You can get the database system identifier from the OS shell as part of the control data:
pg_controldata /Library/PostgreSQL/9.1/data
Here, '/Library/PostgreSQL/9.1/data' is my data directory on os x; replace it with your own data directory.
From there, you can isolate the database system identifier with grep:
pg_controldata /Library/PostgreSQL/9.1/data | grep "system identifier"
This is not the same as calling a function within a SELECT statement, but using the shell command above, one could easily write a function that returns the database system identifier as a string in a SQL query.
I hope this solves the problem.
On Thu, Dec 8, 2011 at 4:57 PM, Scott Mead
<scottm@openscg.com> wrote:
On Thu, Dec 8, 2011 at 4:27 PM, Bruce Momjian
<bruce@momjian.us> wrote:
Joshua D. Drake wrote:
>
> On 12/08/2011 12:57 PM, Bruce Momjian wrote:
> >
> > Chris Redekop wrote:
> >> Is there any way to get the database system identifier via a select
> >> statement?
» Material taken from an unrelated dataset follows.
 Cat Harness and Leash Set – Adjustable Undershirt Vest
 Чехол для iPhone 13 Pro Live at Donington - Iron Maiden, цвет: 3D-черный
I have a primary/secondary async replication setup, and I'd
> >> like be able to verify from the client side that the provided primary and
> >> secondary connection strings do in fact refer to the same data set...
> >
> > Wow, that is a reasonable thing to want available via SQL, but I can't
> > see a way to get to it.
> >
> > The only method I can suggest is to write a server-side C function that
> > calls GetSystemIdentifier().
select inet_server_addr()?
--Scott
>
> This seems like something we should have in core, don't you think?
Yeah, kind of, except this is the first request we ever got for this.
The identifier is passed as part of streaming replication, so maybe it
will be needed more in the future.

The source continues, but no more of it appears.